Re: Setup development software for Macs?

2013-06-27 Thread Mark Struberg
probably the most important for me is mac ports. It's basically a BSD package 
manager with OSX packages. You can install all the *NIX stuff easily.

There is also a graphical UI called Porticus.

LieGrue,
strub




- Original Message -
 From: Roger and Beth Whitcomb rogerandb...@rbwhitcomb.com
 To: dev@community.apache.org
 Cc: 
 Sent: Thursday, 27 June 2013, 6:21
 Subject: Re: Setup  development software for Macs?
 
 As far as basic text editors, TextWrangler is probably the best: 
 http://www.barebones.com/products/textwrangler/ (and it's free).
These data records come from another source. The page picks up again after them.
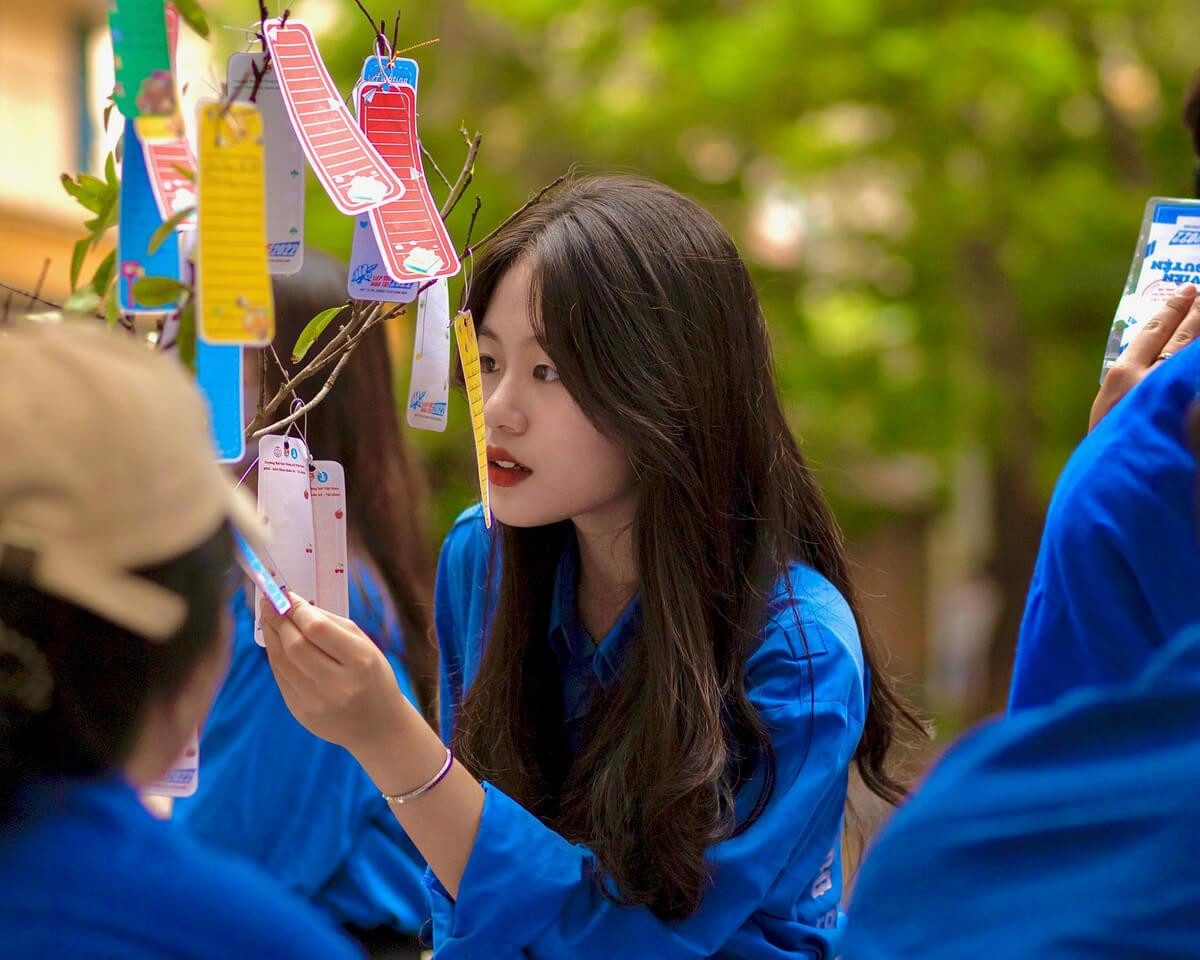 Lan Anh trong màu áo xanh tình nguyện tại chiến dịch Tiếp sức mùa thi 2021. Lan Anh trong màu áo xanh tình nguyện tại chiến dịch Tiếp sức mùa thi 2021.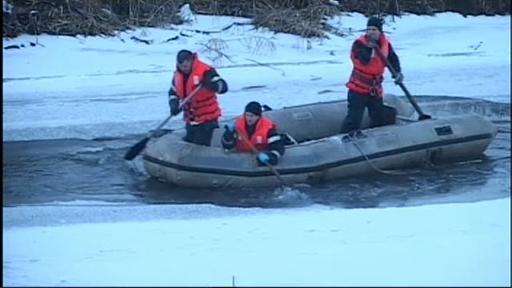 Pompierii si scafandrii vor relua cautarile baiatului de 6 ani, disparut in apele Somesului Mic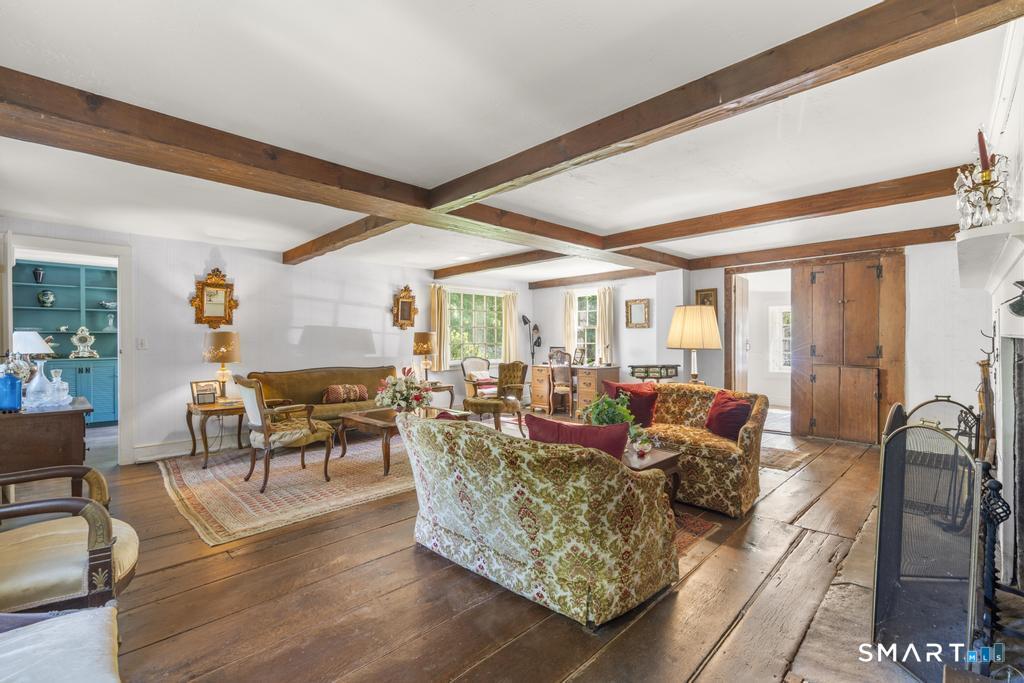 871 Ridgefield Road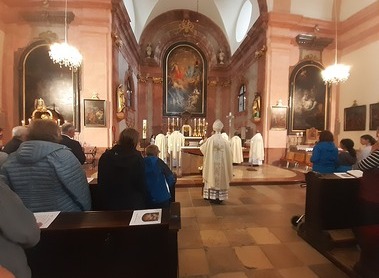 100. Monatswallfahrt nach Karnabrunn / KF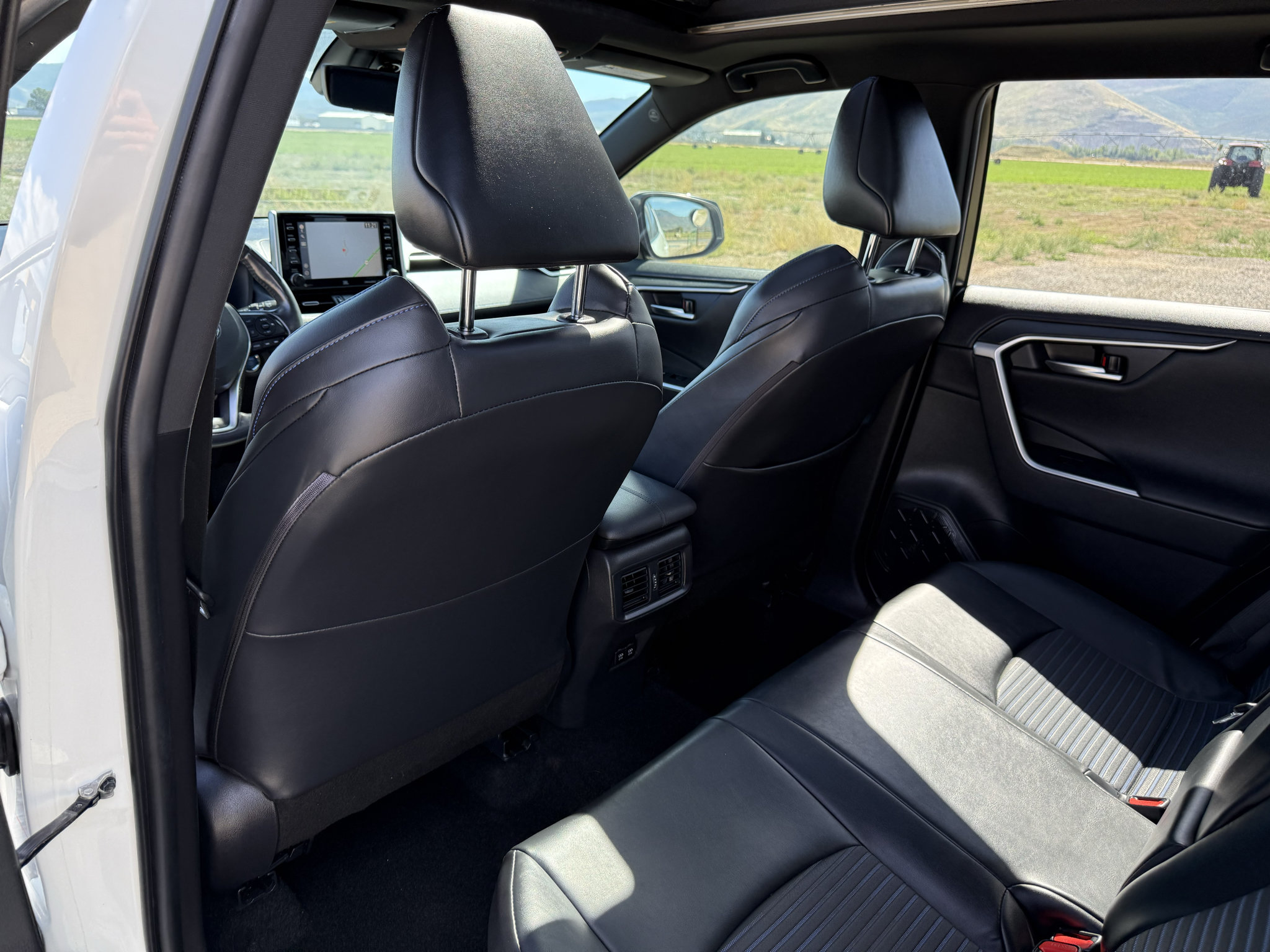 Used 2020 Toyota RAV4 XSE AWD/4WD image 30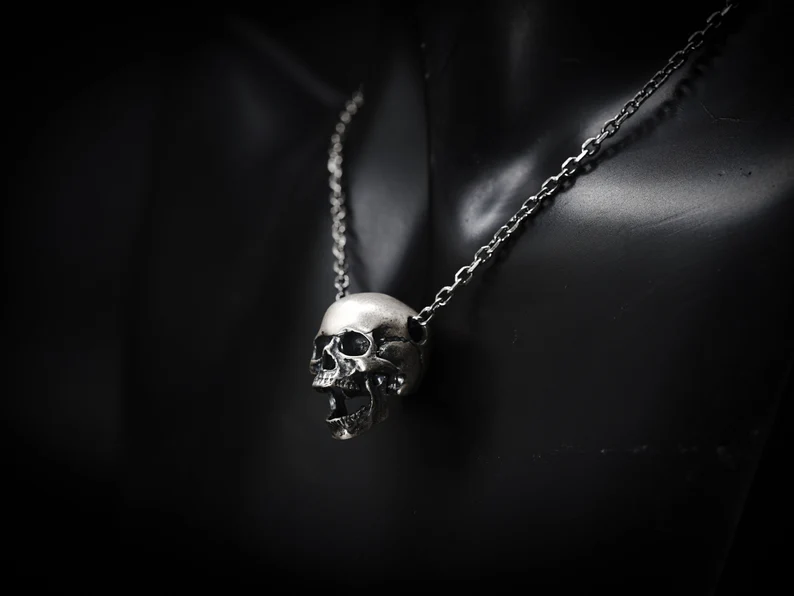 (🔥Hot Sale-Save 49% OFF) Sterling Silver Skull Necklace - Memento Mori Necklace - Goth Jewellery☠️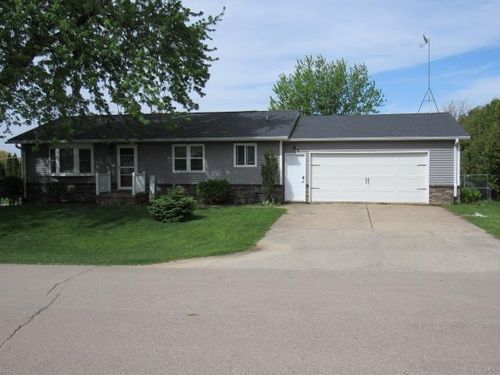 21121 Western Dr, Monticello, IA, 52310-7511 | Card Image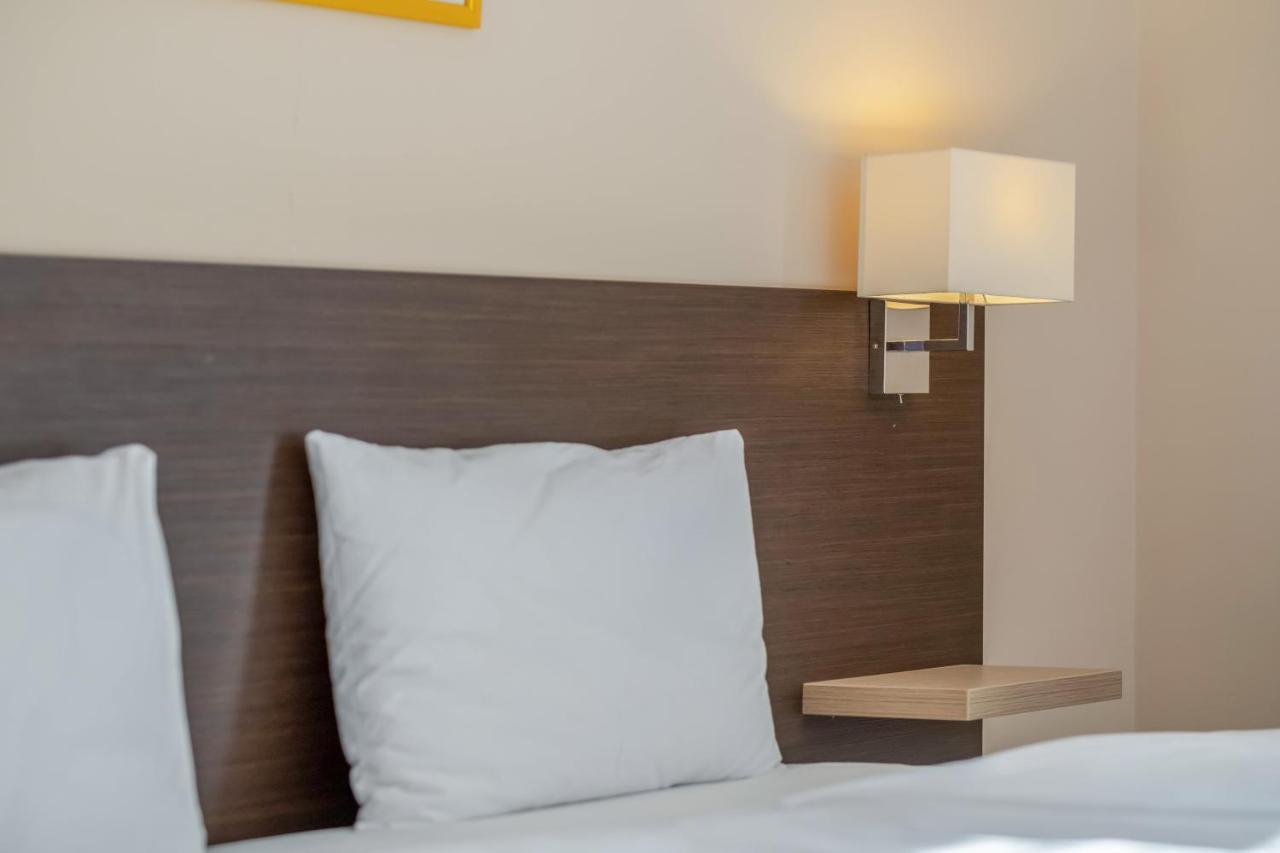 Mf Port Azur Wellness Apartments Siófok Buitenkant foto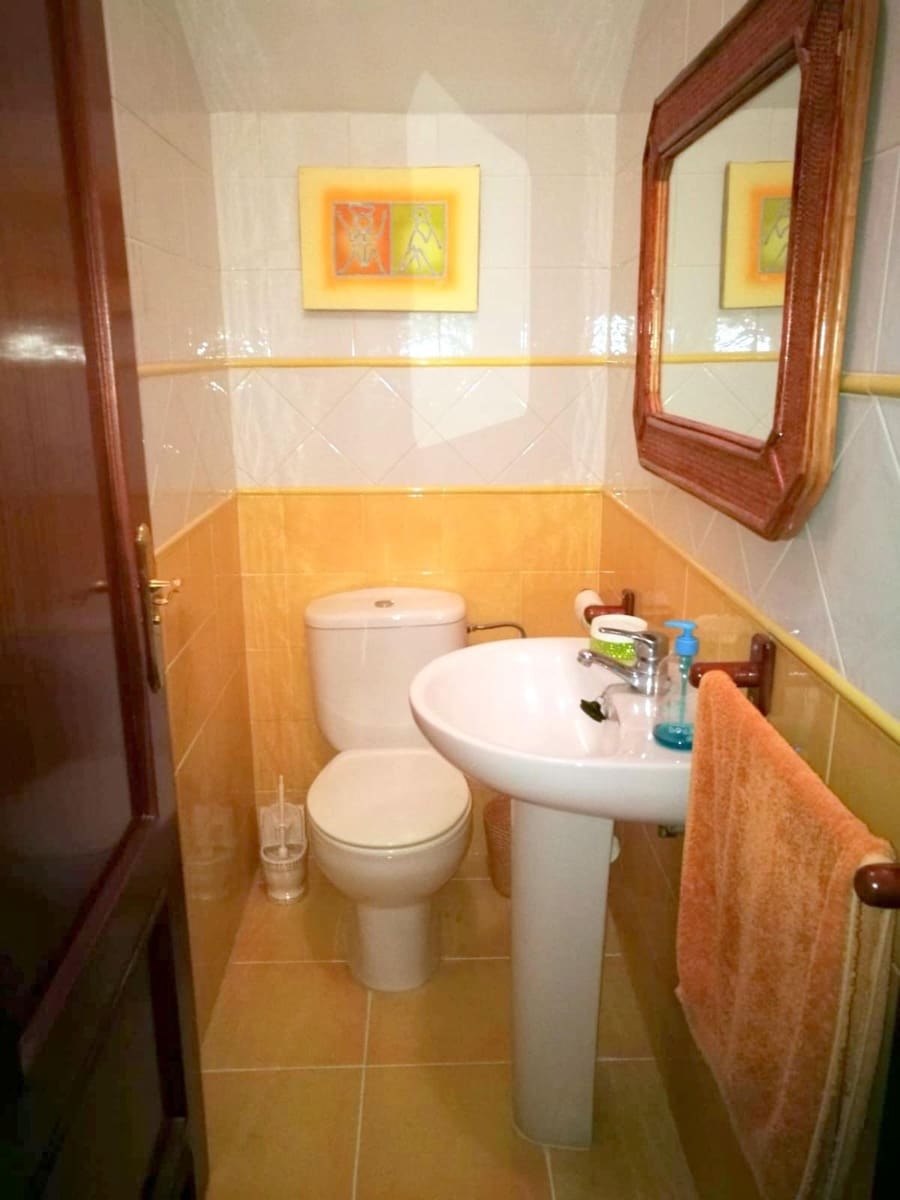 4 bedroom Apartment for sale in Estacion de Cartama with garage - € 389,000 (Ref: 9921061)
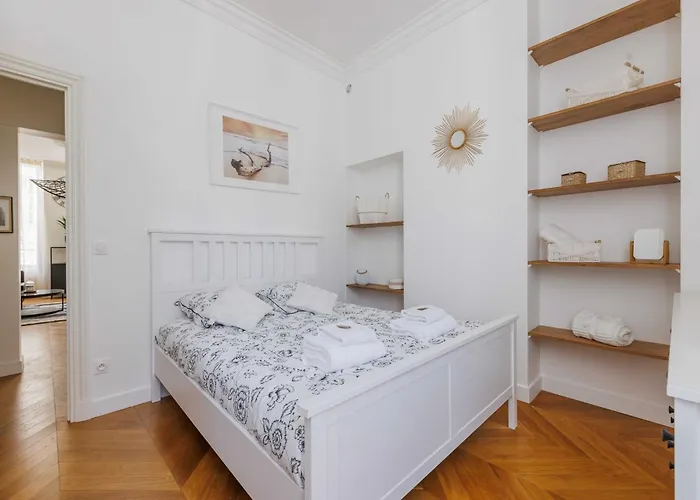 Charming 2 Bdr 4p - Marais Lägenhet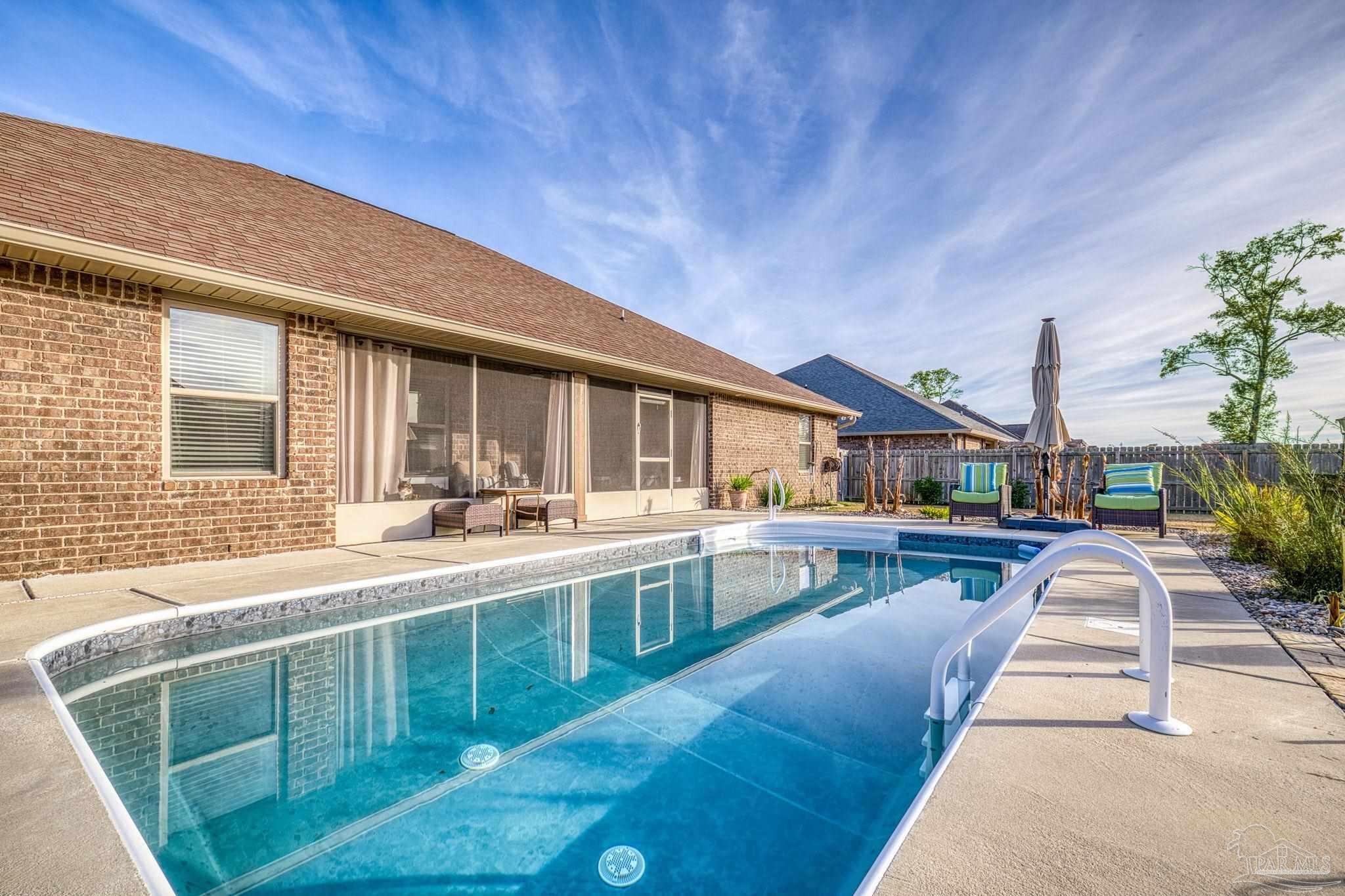 Photo of Listing #675138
Also 
 available via the App Store.  Although the XCode editor is very nice as 
 well.  And I've used UltraEdit on a PC, and they now have a Mac version 
 (cost is minimal) (http://www.ultraedit.com/products/mac-text-editor.html).
 
 ~Roger Whitcomb
 
 On 6/26/13 8:47 PM, Ted Dunning wrote:
  I tested disk I/O before and after enabling FileVault and couldn't 
 really
  tell the difference.  I also turned it on after I had quite a bit of stuff
  on the disk and it didn't take all that long to convert (considerably 
 less
  than all night).
 
  Leave the firewall on.  It is very easy to poke and then repair holes when
  you need them.
 
 
 
  On Wed, Jun 26, 2013 at 6:31 PM, Luciano Resende 
 luckbr1...@gmail.comwrote:
 
  On Wed, Jun 26, 2013 at 6:20 PM, Shane Curcuru 
 a...@shanecurcuru.org
  wrote:
 
  I just switched to a Mac for much of my stuff, and am wondering how 
 other
  committers organize their Macs and what kind of software they use.
 
  In particular, what's the best GUI-ish SVN clients?
 
  Your favorite basic text editors?  I don't need a big IDE, just 
 simple
  markdown/python/ruby, and occasional web page editing.
 
  Also, a silly question, I know, but if I have my work on SSD, is 
 there
  any
  reason that I should *not* configure FileVault?  It seems like a no
  brainer
  for any laptop.  Similarly, any reason to turn off the built-in 
 Firewall?
 
  Related, what are decent options for parental control software for 
 macs 
  iPads?  It's obvious that we will need some way to restrict and 
 monitor
  what our daughter does on the computer...
 
  Thanks in advance!
 
  - Shane
 
  Take a look at this, seems like some good pointers :
  http://www.josebrowne.com/from-windows-to-mac-dev.html
 
  Also, install Xcode command line tools, that should give you most of 
 what
  you need (e.g. svn, git, and some other stuff required for basic dev)
 
  As for FileVault, I use that with no issues (and you know, it's 
 kind
  required by our employers... in case you ever use your mac for 
 work)
  but if you choose to do it, do it now, while you don't have much 
 content on
  the SSD. Firewall is always ON as well.
 
  --
  Luciano Resende
  http://people.apache.org/~lresende
  http://twitter.com/lresende1975
  http://lresende.blogspot.com/
 



Re: Setup development software for Macs?

2013-06-27 Thread Olivier Lamy
Try http://brew.sh

Yes brew vs mac port is probably like vi vs emacs :-)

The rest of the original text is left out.